Feeling a little stressed or overwhelmed? The holidays will do that, won't they? Myself, I'm not doing much shopping or any traveling, so I'm not feeling really stressed. I am feeling a little...sad though. This time of year can be hard when you've had losses. I know I'm thinking of my mom, my grandfather, my Uncle Charles (who passed away this fall), and my cat Hazel who died 2 weeks ago. I'm also thinking of friendships that seems frayed right now.
And after Season 3 of "The Wire" (I'm behind, I know) just about sent me to bed for a week (talk about frayed friendships!) and "Everybody's Fine" made me cry all weekend, I don't want any more serious or sad fiction for a while.
As always, one of my girlfriends to the rescue! This time it's Wendy Nelson Tokunaga. Her second novel Love in Translation is out and it looks like just the kind of fun, light-hearted read I could use right now.
About the Book:
After receiving a puzzling phone call and a box full of mysteries, 33-year-old fledgling singer Celeste Duncan is off to Japan to search for a long, lost relative who could hold the key to the identity of the father she never knew.

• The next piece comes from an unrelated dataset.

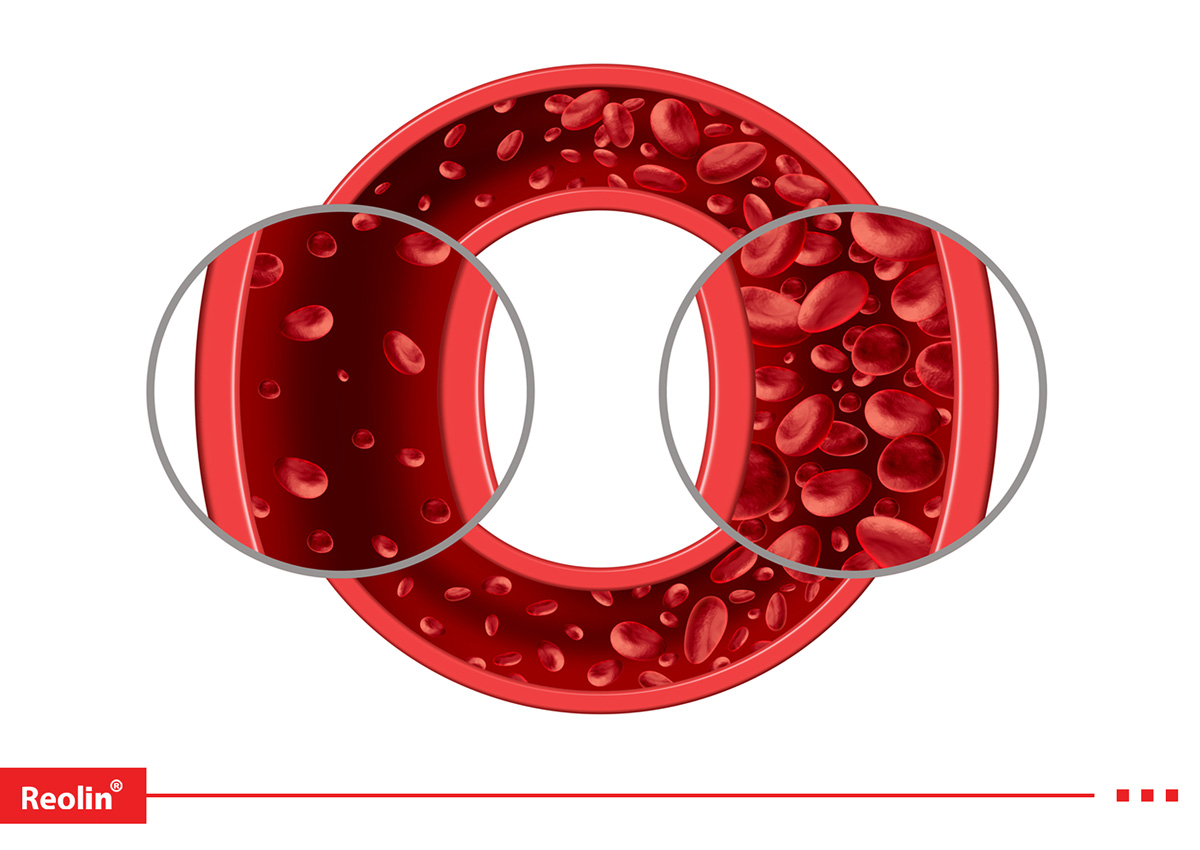 iron deficiency anemia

This overwhelming place where nothing is quite as it seems changes Celeste in ways she never expected, leading her to ask: What is the true meaning of family? And what does it mean to discover your own voice?
My Q&A with Wendy (she gives inspiration to aspiring authors!):
Q: What inspired Love in Translation?
A: Many things. LOVE IN TRANSLATION is my cockeyed valentine to Japan, which is a place I’ve both loved and loathed, a place that has fueled both fascination and frustration. And it is also a place that has had a huge impact on my life and writing. I also wanted to explore what it means to be a gaijin (foreigner) in Japan and the benefits and downsides of that status and what happens when a gaijin sings in Japanese. I also am fascinated by the concept of the homestay, (something I never experienced), and how that would impact someone as an adult who grew up in foster homes and who never experienced a real family.

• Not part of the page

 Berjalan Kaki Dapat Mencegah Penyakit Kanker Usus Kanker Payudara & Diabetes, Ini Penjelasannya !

A: I’d be singing. Before I started writing fiction I wrote songs, sang lead and played bass guitar in my own bands. Later on I got into singing Japanese karaoke. And further down the road I took voice lessons from a great Japanese jazz singer. I learned so much from her and was able to take my singing to a whole new level. I began to sing jazz standards with my husband accompanying me on keyboards. We play low-key venues once in a while but usually we just practice for fun at home.

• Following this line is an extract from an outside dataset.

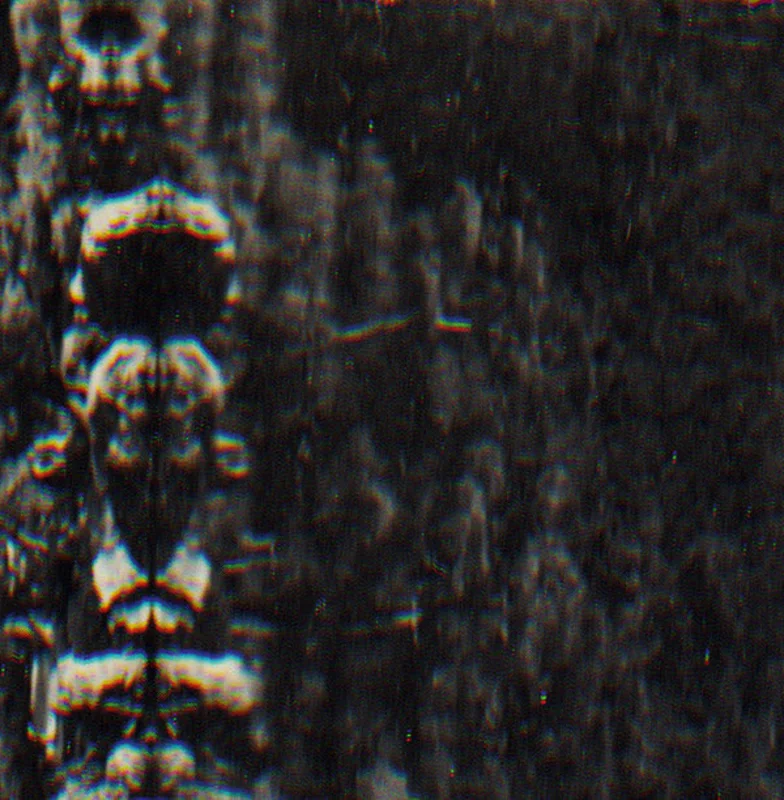 O MORTO The Forest, The People And The Spirits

Q: Who do you picture in your mind when you write?
A: I guess I picture the character, but not usually in a specific physical sense. I imagine his or her persona in some tangible way, which acts as a reference point to keep me going.
Q: What's been your biggest surprise about getting published?
A: I don’t know if it would be categorized as a surprise, but I think that something completely unexpected has been the experience of getting published at a time when everyone and their dog is predicting the imminent death of the book and the publishing industry as we know it. I find myself half the time scoffing at such news and the other half worrying about it.
Q: Is writing your main job? If not, what do you do for your real source of income and how does it impact your writing?
A: Writing is my main job, but I also do manuscript consulting to help novelists and memoirists get their books in shape to send out to agents or to help revise them when they’ve received nothing but rejections. This dovetails nicely with my own writing and I really enjoy reading other writers’ works and helping them make their stories the best that they can be.
Q: If you could ask any author (living or dead) any question what would it be?
A: I’d love to ask Mark Twain if he could meet me for dinner and share a good bottle of wine so I could soak up all his wit and knowledge. And I have read that he was quite the cat lover so I think that would make it even more fun.
Q: What's the main thing you hope people take away from Love in Translation?
A: That opening up to new experiences and even different cultures can enhance your life and make you discover things you never knew about yourself.
Q: Art or entertainment? Is one more valid or important than the other?
A: Both can be equally important. But definitions of “art” and “entertainment” are so subjective. I guess as writers we hope that our works fit into a nice combination of the two.